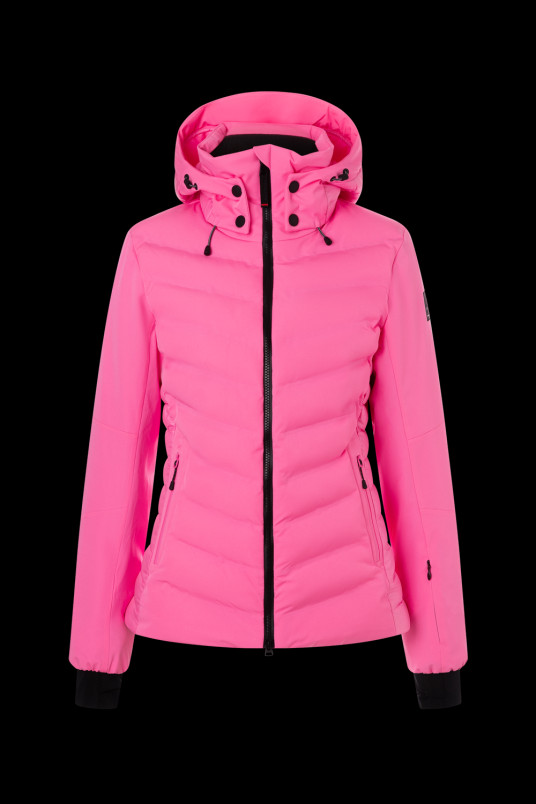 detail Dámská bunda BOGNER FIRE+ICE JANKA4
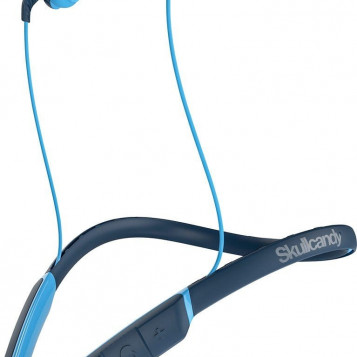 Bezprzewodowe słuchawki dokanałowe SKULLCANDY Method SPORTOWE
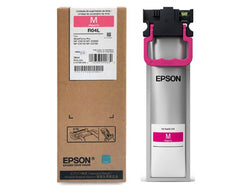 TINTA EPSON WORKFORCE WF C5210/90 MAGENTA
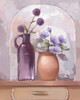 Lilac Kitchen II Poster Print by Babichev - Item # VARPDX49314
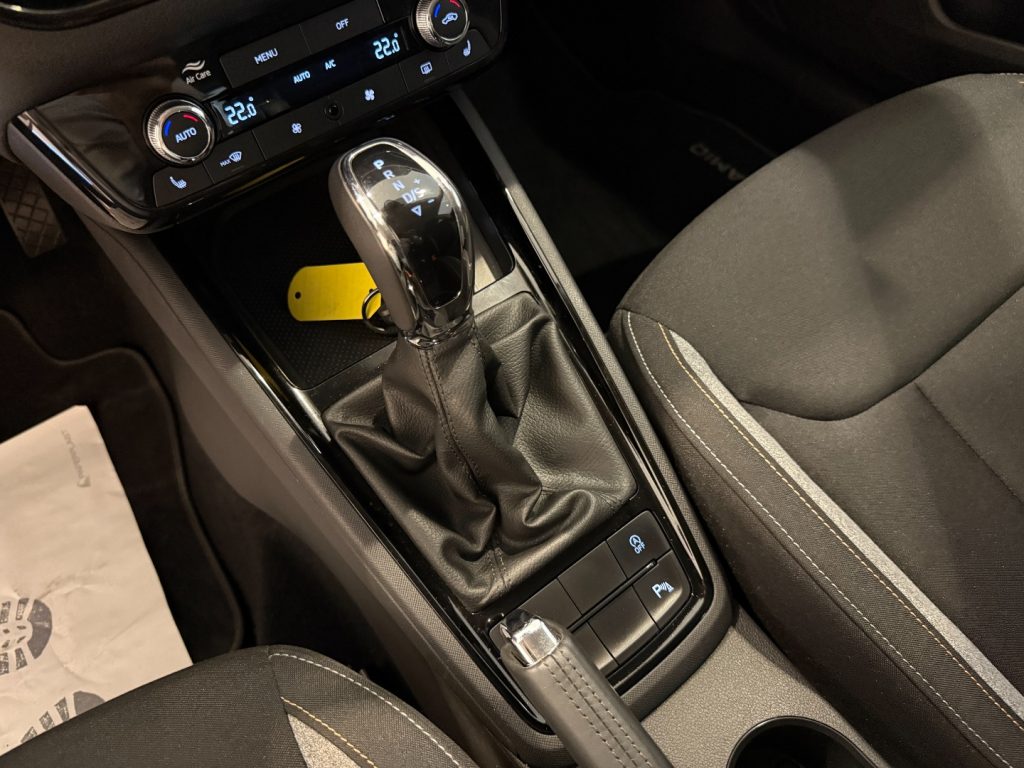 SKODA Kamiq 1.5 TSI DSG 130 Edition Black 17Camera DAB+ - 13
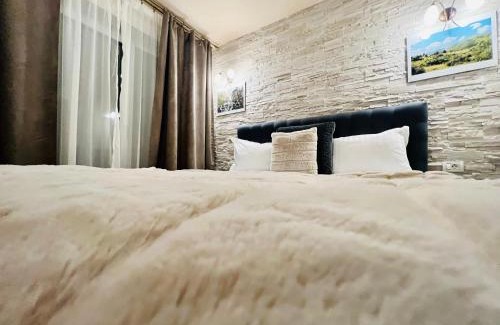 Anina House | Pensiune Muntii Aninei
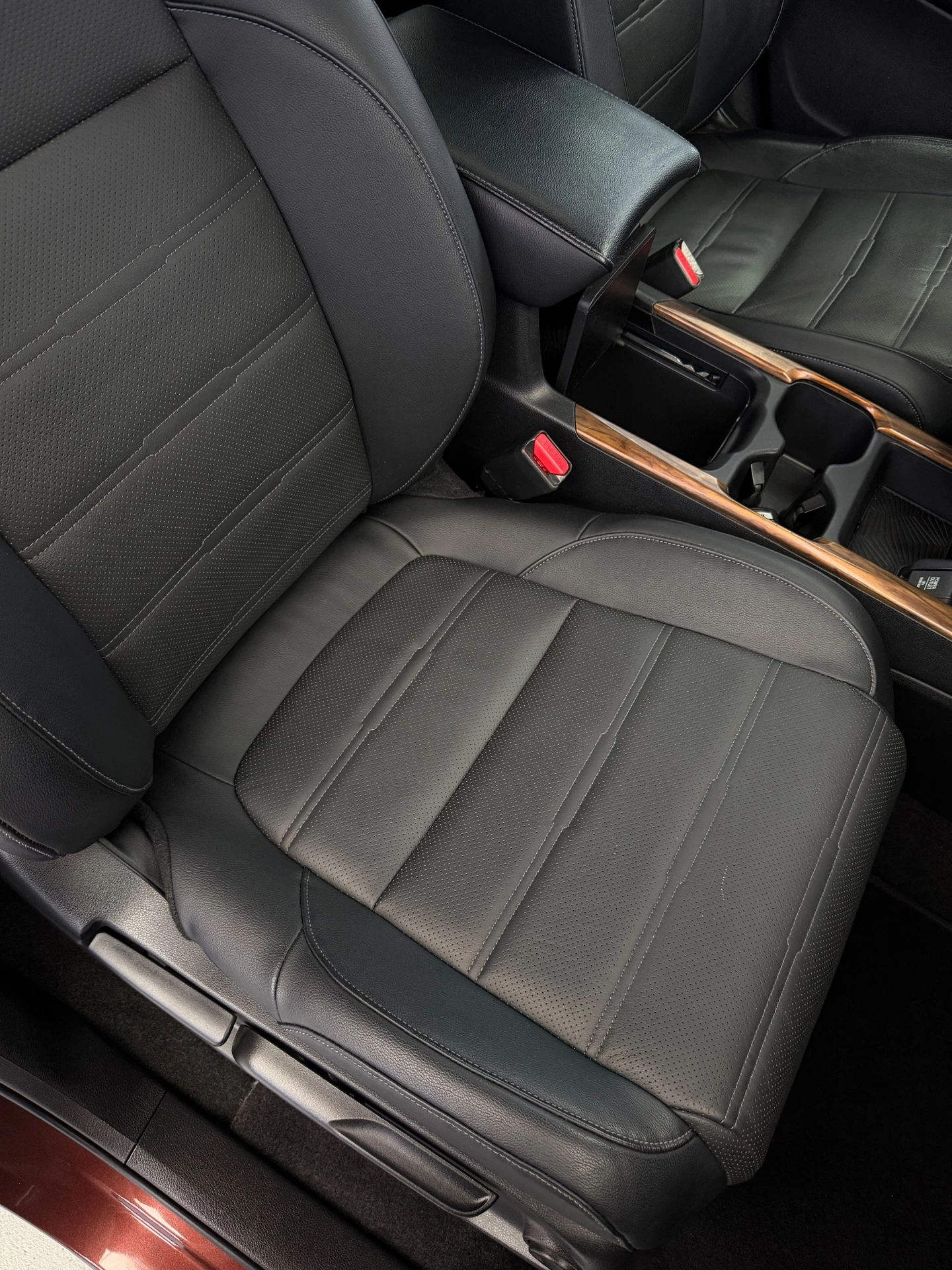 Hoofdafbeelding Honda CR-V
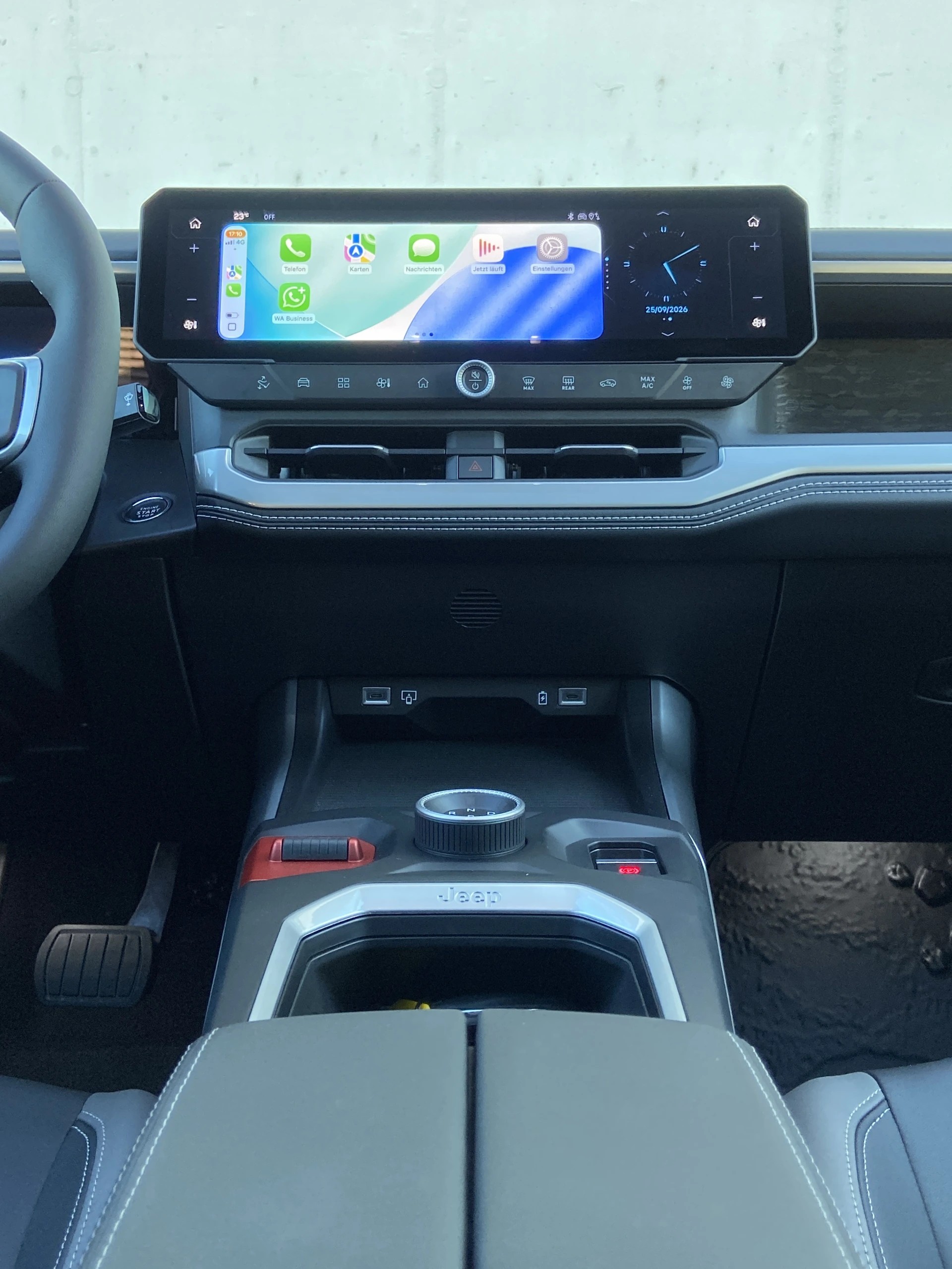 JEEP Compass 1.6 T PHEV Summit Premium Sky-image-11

**TASK GOAL:**
Where a line contains "Bezprzewodowe słuchawki dokanałowe", begin there and set down exactly each line through the end of the data above, omitting any pictures.

**TASK RESULT:**
 Bezprzewodowe słuchawki dokanałowe SKULLCANDY Method SPORTOWE
 TINTA EPSON WORKFORCE WF C5210/90 MAGENTA
 Lilac Kitchen II Poster Print by Babichev - Item # VARPDX49314
 SKODA Kamiq 1.5 TSI DSG 130 Edition Black 17Camera DAB+ - 13
 Anina House | Pensiune Muntii Aninei
 Hoofdafbeelding Honda CR-V
 JEEP Compass 1.6 T PHEV Summit Premium Sky-image-11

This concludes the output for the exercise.